[Records for the task Boundary: Start]
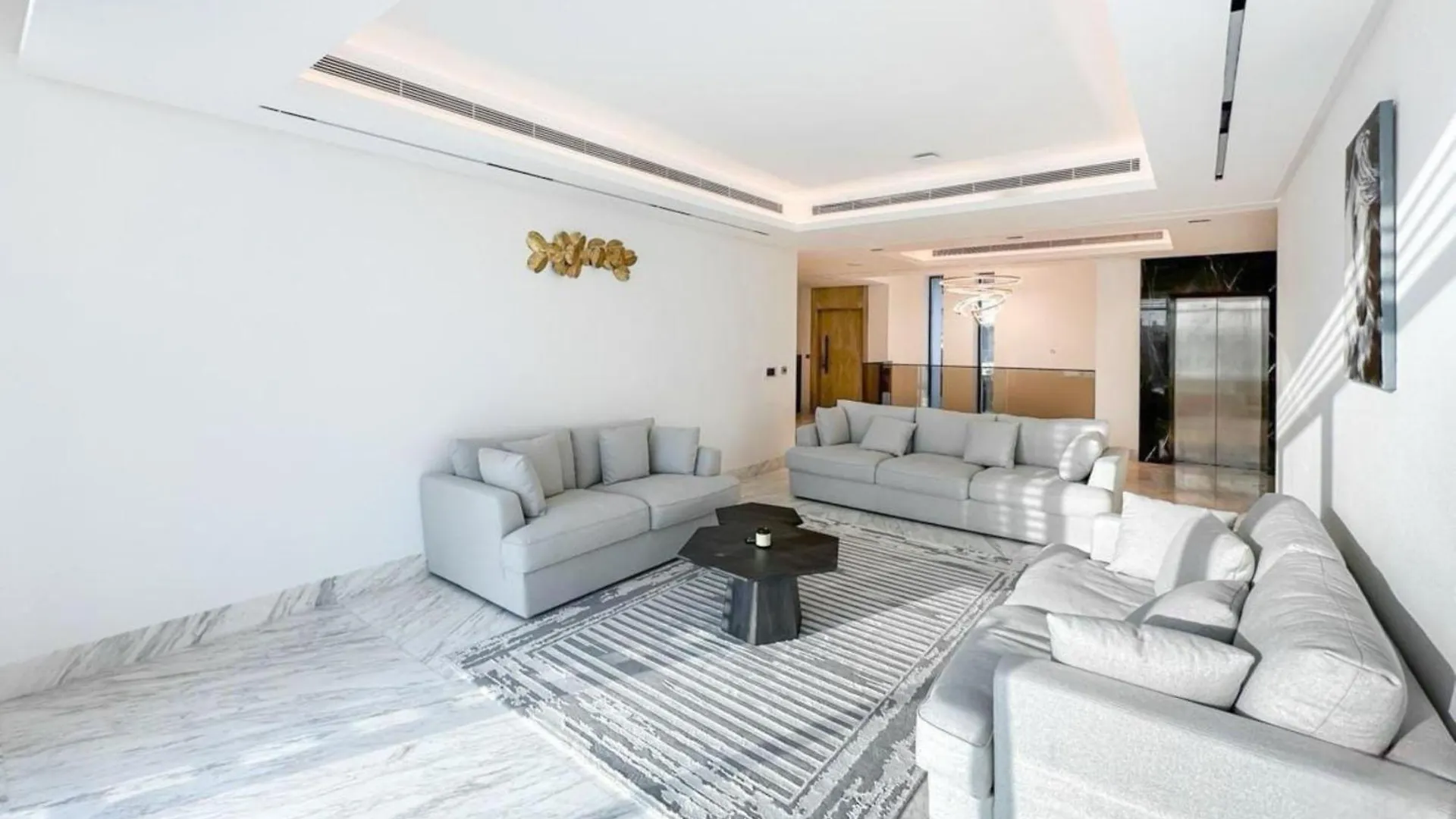 World Class Luxurious 8 Bdr - Villa In Palm Jumeriah Dubaj
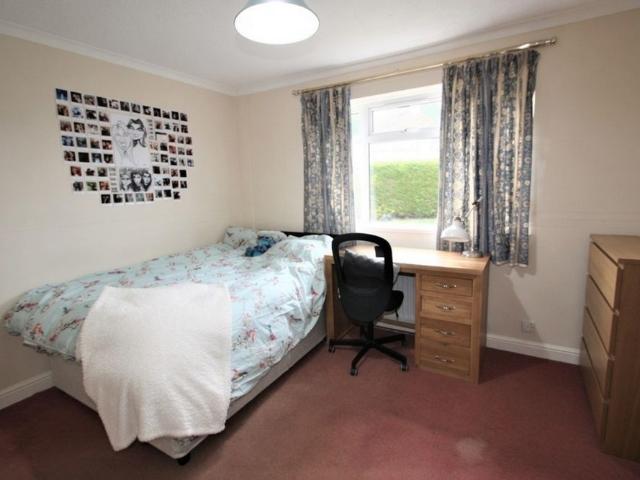 Studio for rent in Row Town, Surrey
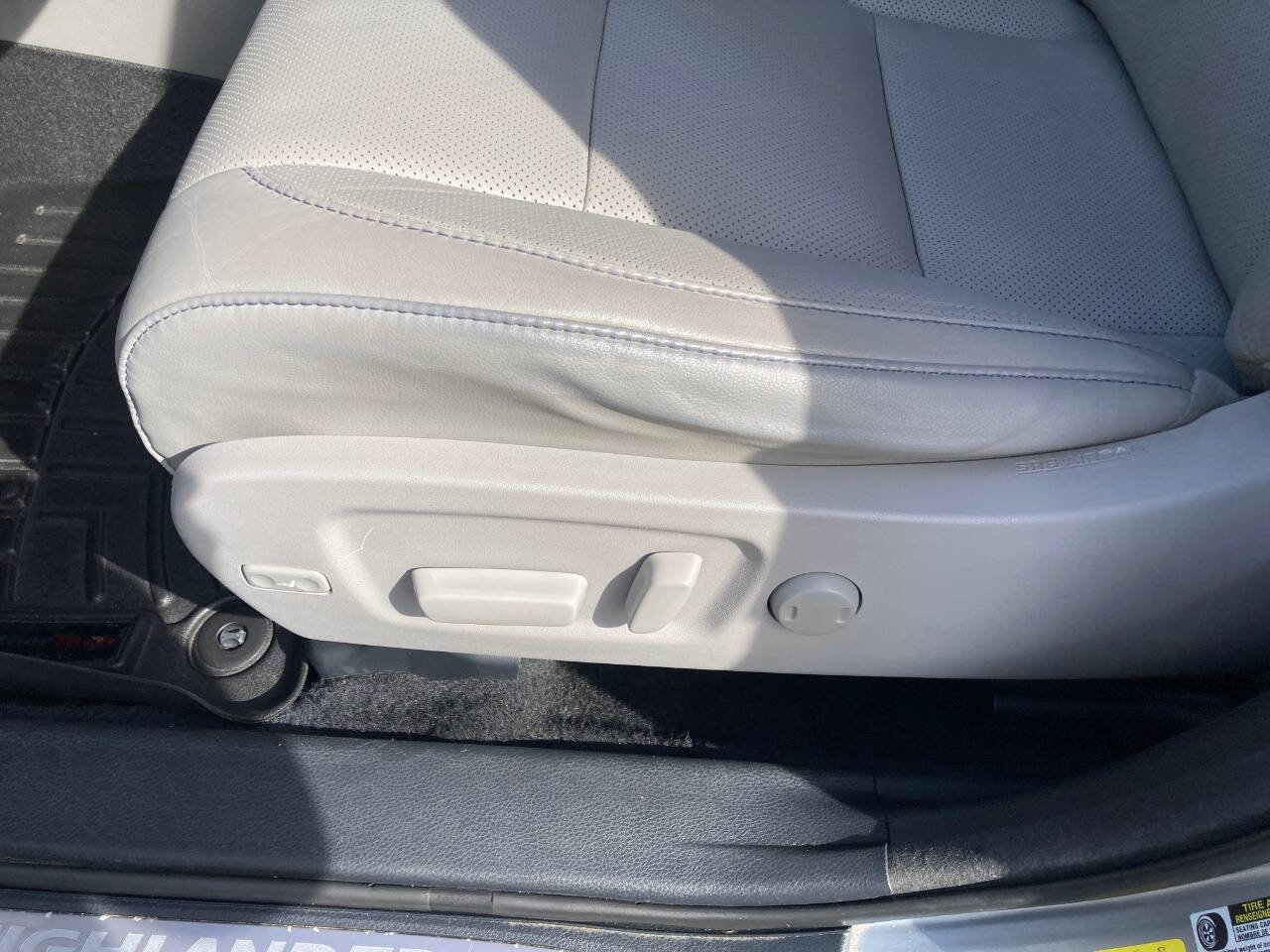 Used 2015 Toyota Highlander Limited image 11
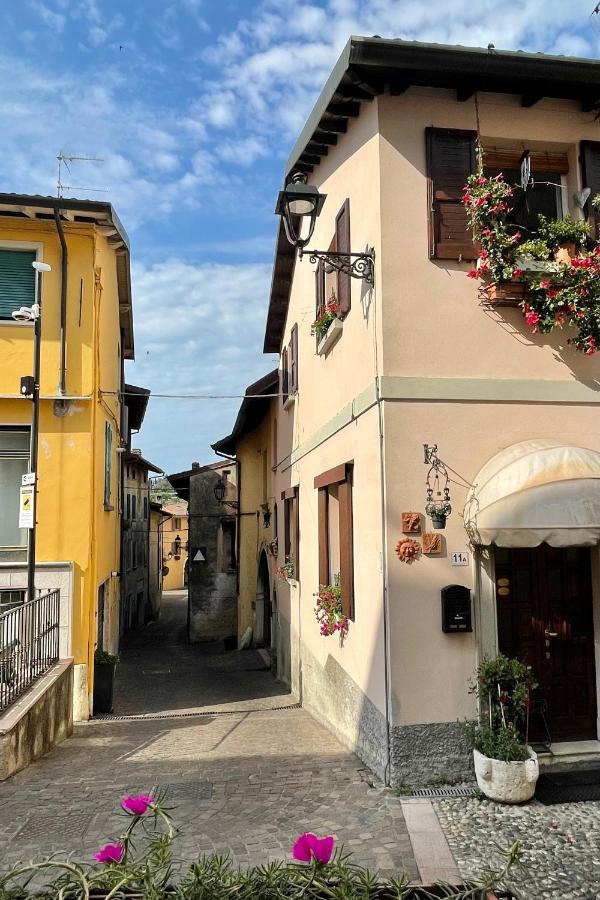 Апартаменты Borgo Dei Sogni Сан-Феличе-дель-Бенако Экстерьер фото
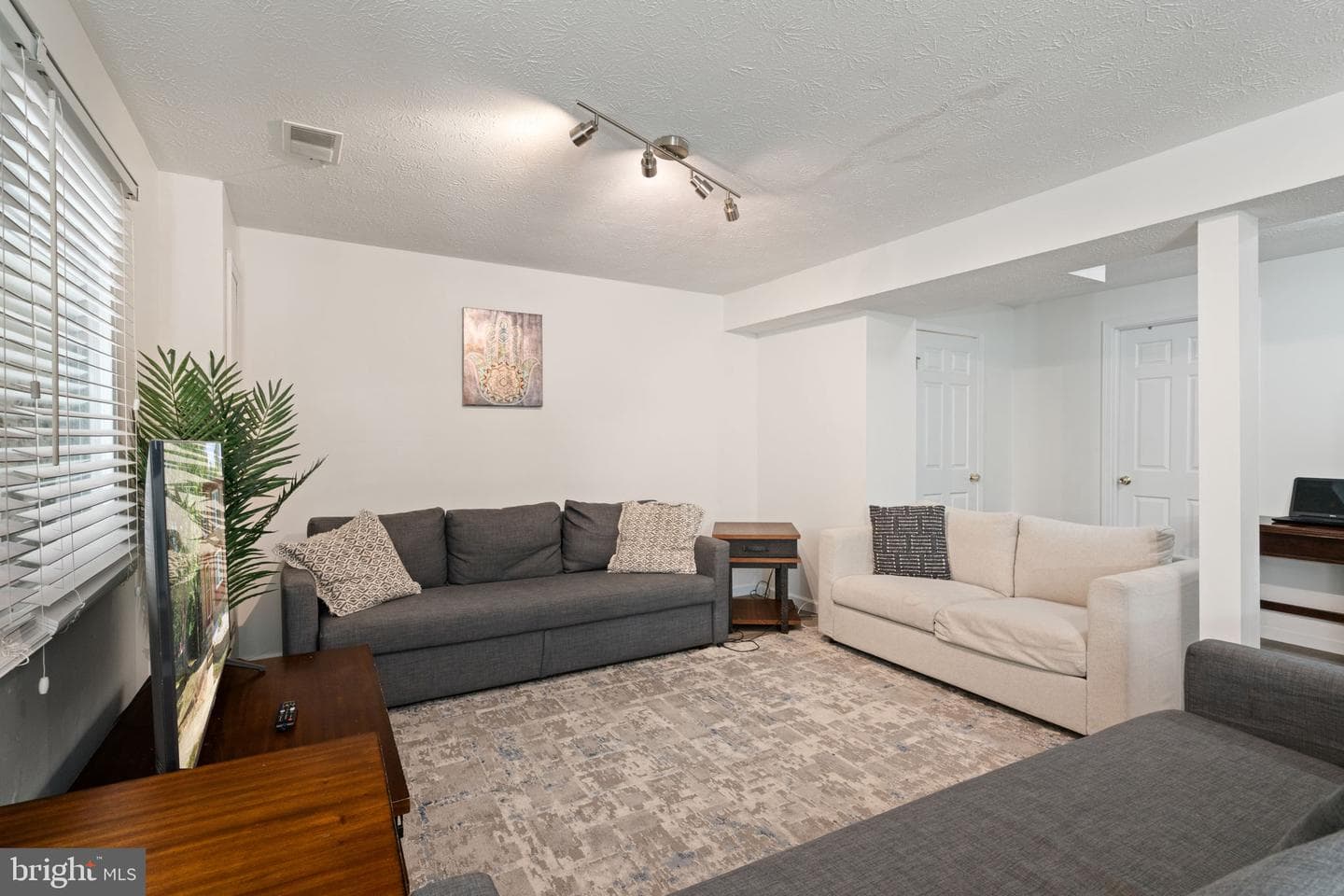 8914 Gutman Court photo 33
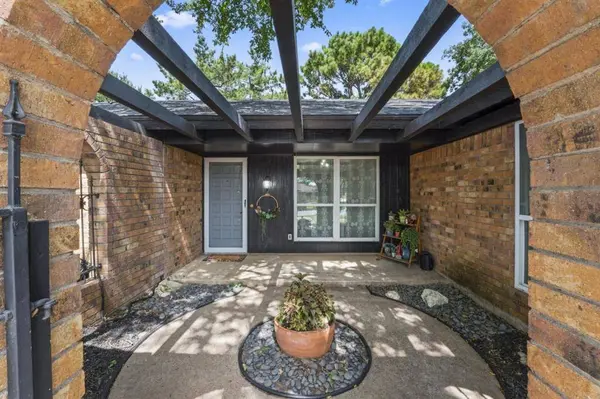 1015 Walnut Place, Mansfield, TX 76063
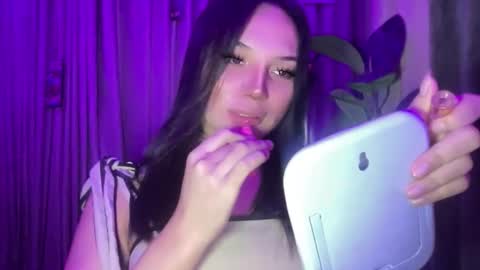 UR GIRL NEXTDOOR online show from April 9, 2026, 7:47 am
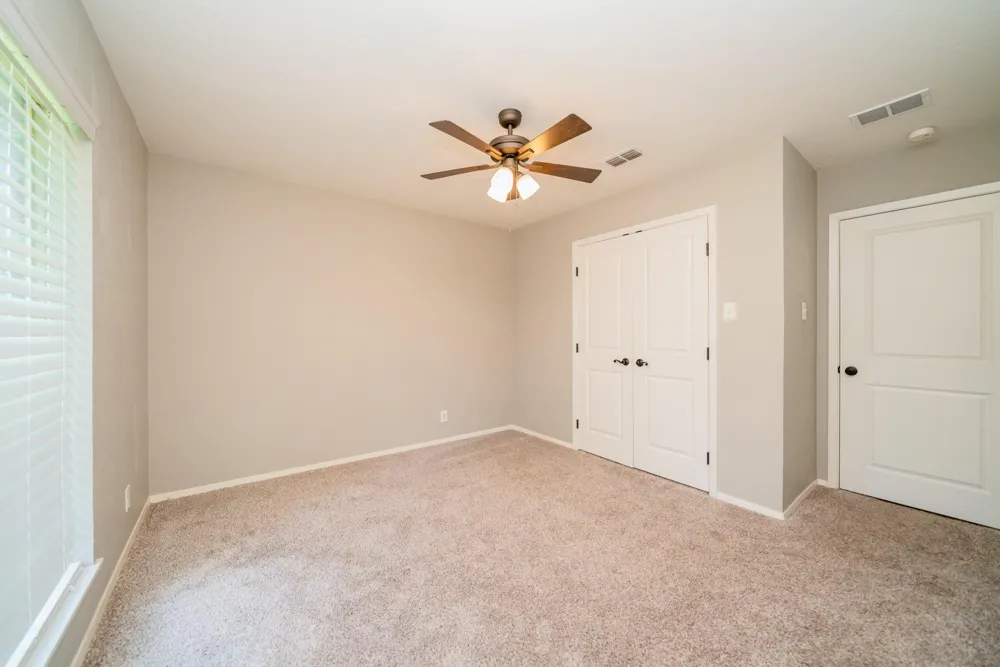 317 E Robinwood White Oak, TX 75693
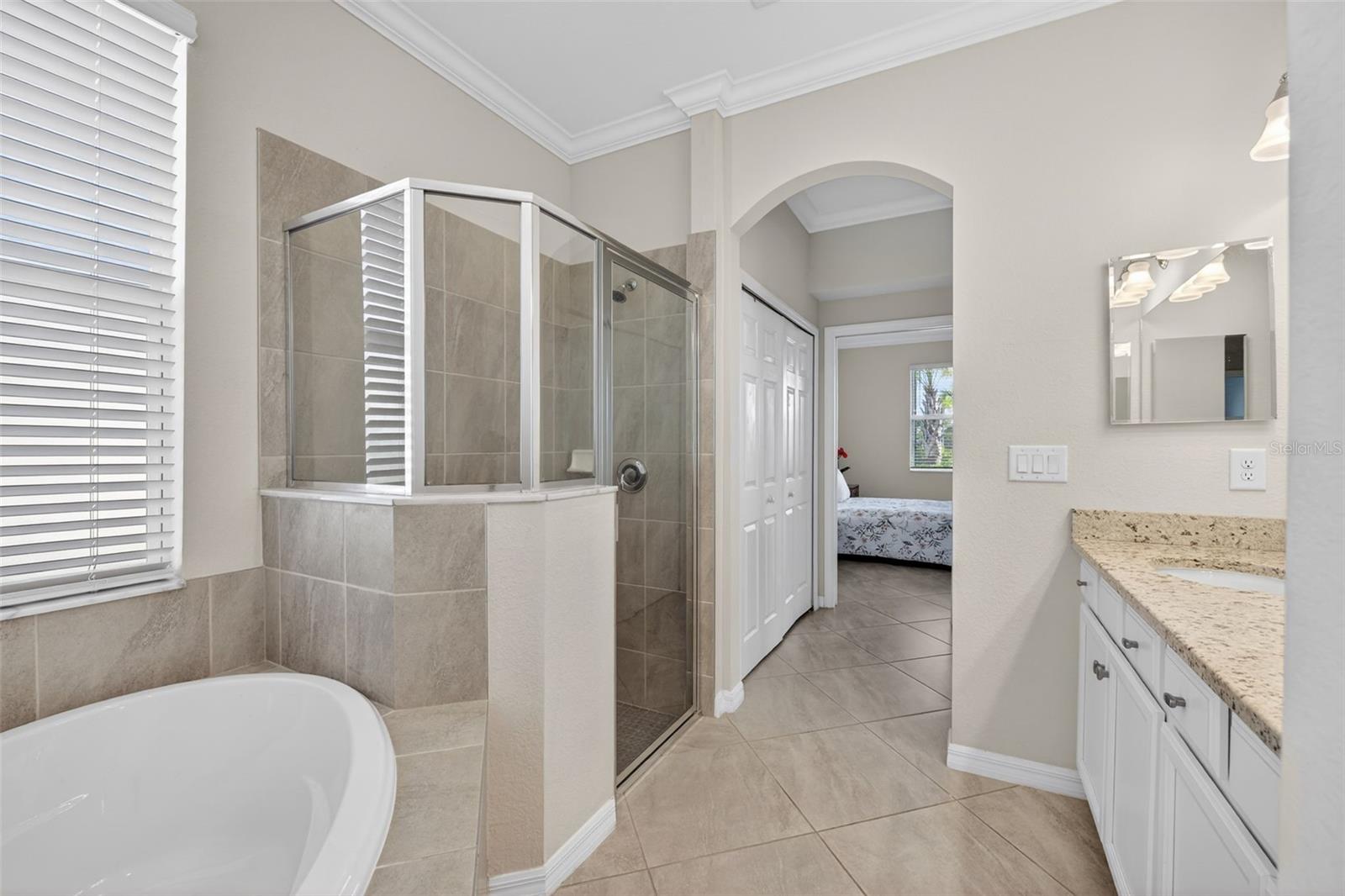 Image 23 of 34 For 17757 Woodland Court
[Records for the task Boundary: End]
From the line containing "UR GIRL NEXTDOOR" down to the end of the data above, reproduce each line exactly; no pictures.

Task answer
 UR GIRL NEXTDOOR online show from April 9, 2026, 7:47 am
 317 E Robinwood White Oak, TX 75693
 Image 23 of 34 For 17757 Woodland Court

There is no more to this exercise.